___ Data to process
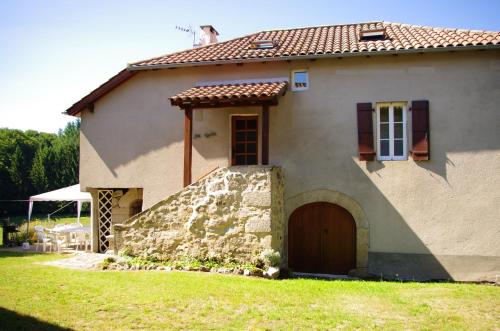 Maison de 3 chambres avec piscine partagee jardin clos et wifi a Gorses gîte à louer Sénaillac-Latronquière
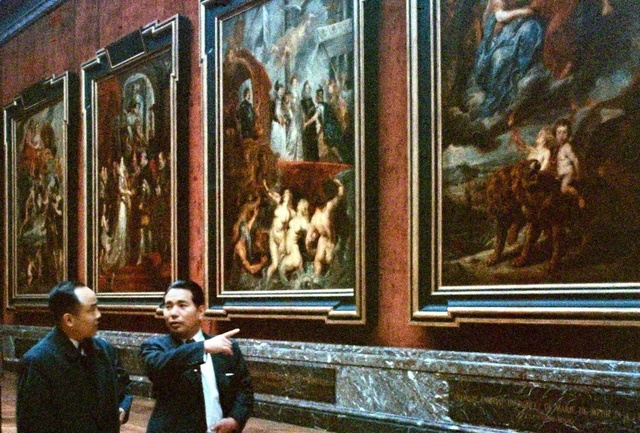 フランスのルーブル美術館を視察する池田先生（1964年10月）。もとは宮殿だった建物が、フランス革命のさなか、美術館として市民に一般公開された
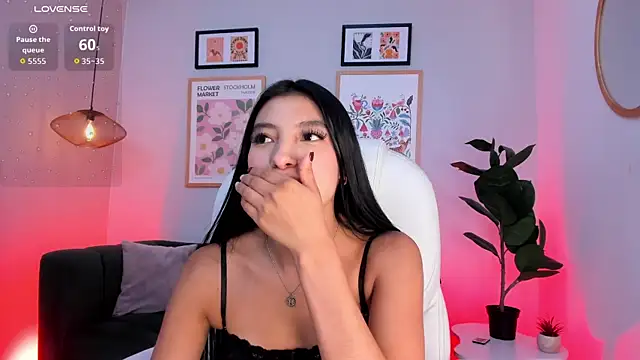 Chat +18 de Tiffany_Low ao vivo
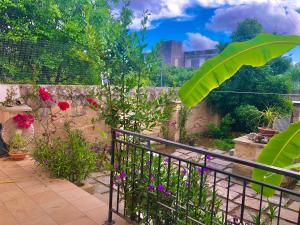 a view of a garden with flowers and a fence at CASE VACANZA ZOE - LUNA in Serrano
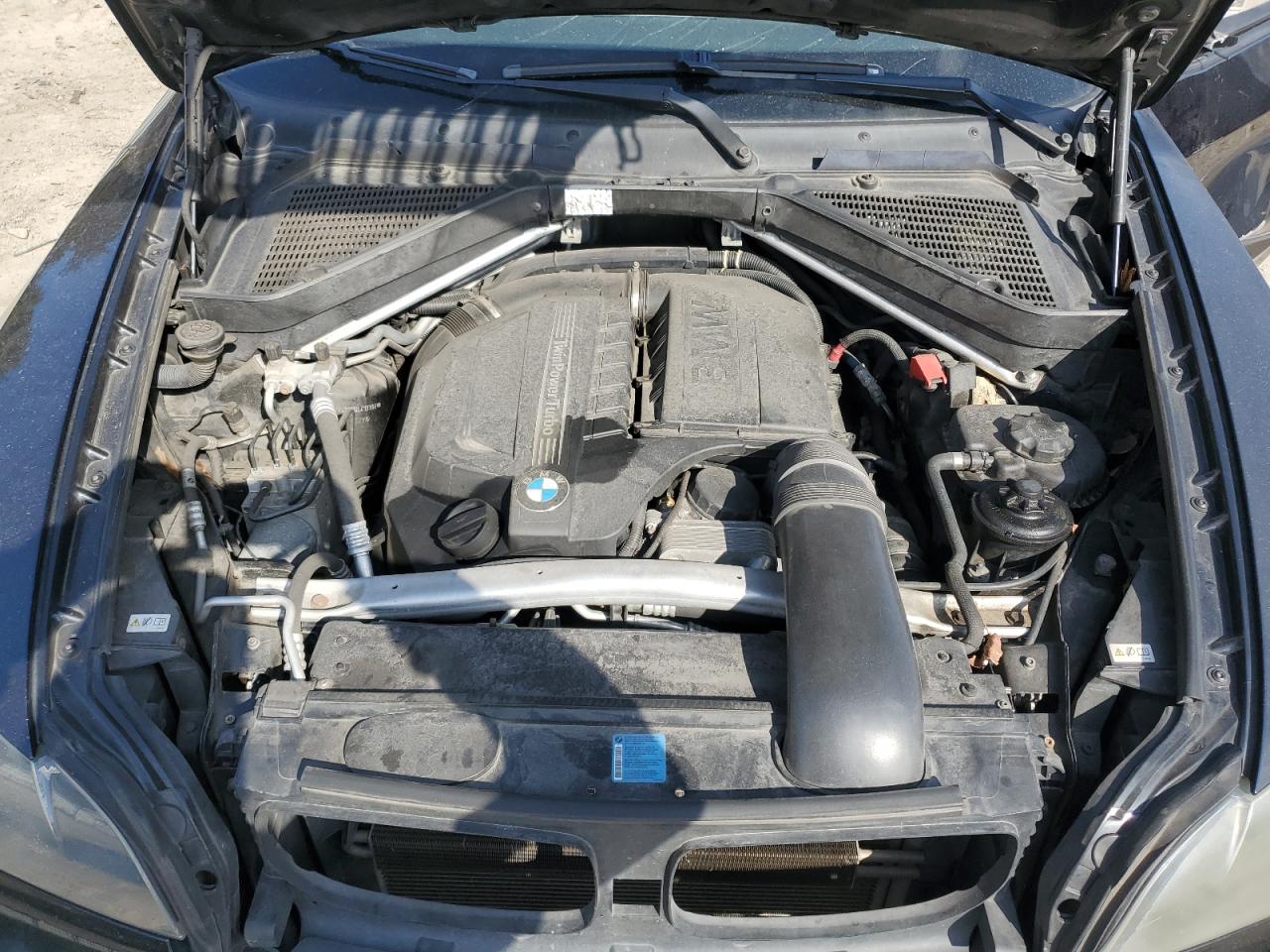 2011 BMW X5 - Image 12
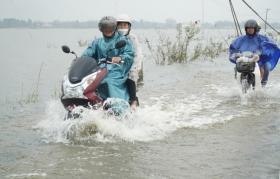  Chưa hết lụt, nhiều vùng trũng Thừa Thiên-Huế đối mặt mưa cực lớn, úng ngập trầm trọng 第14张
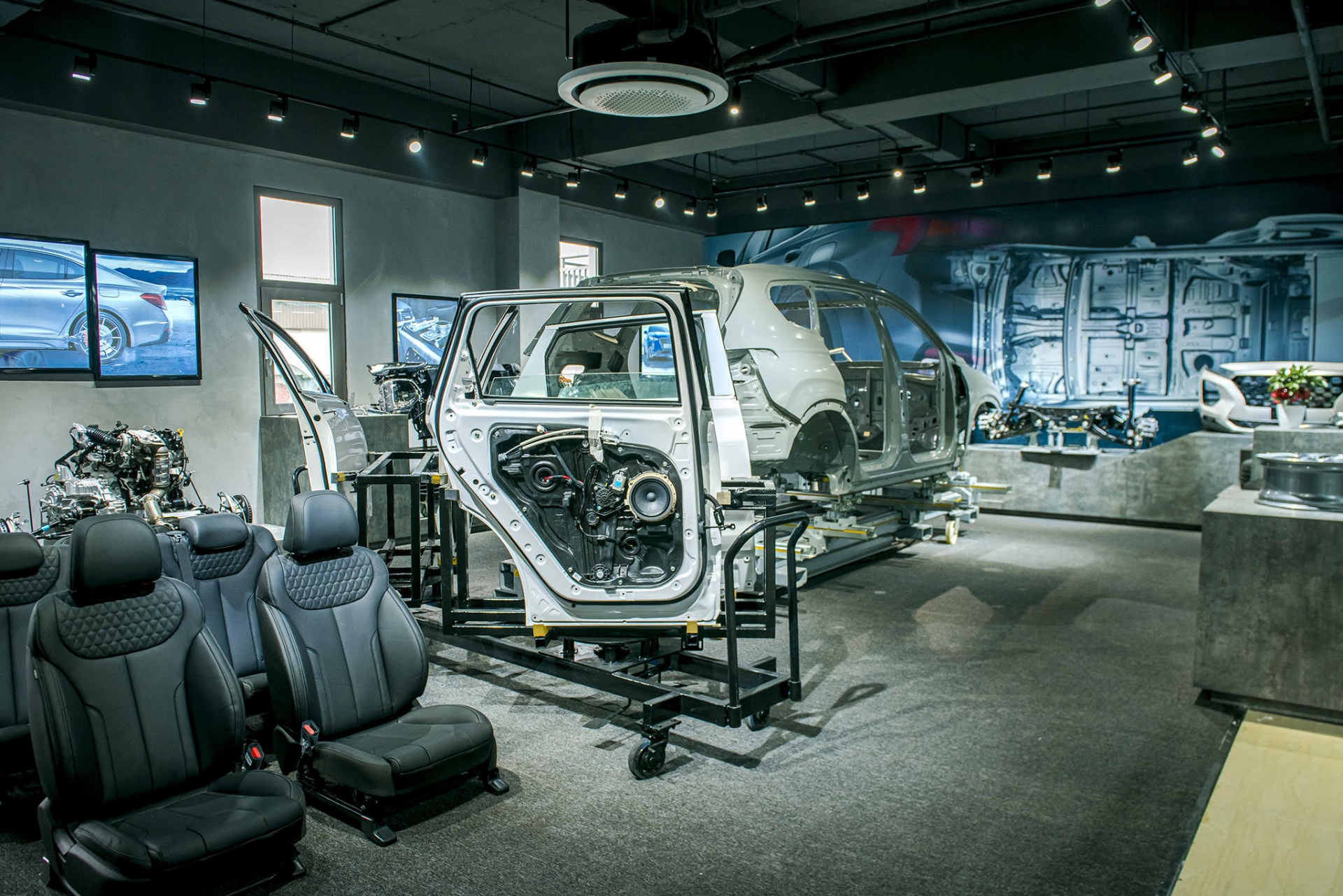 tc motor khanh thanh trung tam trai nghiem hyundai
______
§ **Problem description**:
All of the lines above must be printed again exactly, and no picture may appear in the copy.

§ **Completed exercise**:
 Maison de 3 chambres avec piscine partagee jardin clos et wifi a Gorses gîte à louer Sénaillac-Latronquière
 フランスのルーブル美術館を視察する池田先生（1964年10月）。もとは宮殿だった建物が、フランス革命のさなか、美術館として市民に一般公開された
 Chat +18 de Tiffany_Low ao vivo
 a view of a garden with flowers and a fence at CASE VACANZA ZOE - LUNA in Serrano
 2011 BMW X5 - Image 12
  Chưa hết lụt, nhiều vùng trũng Thừa Thiên-Huế đối mặt mưa cực lớn, úng ngập trầm trọng 第14张
 tc motor khanh thanh trung tam trai nghiem hyundai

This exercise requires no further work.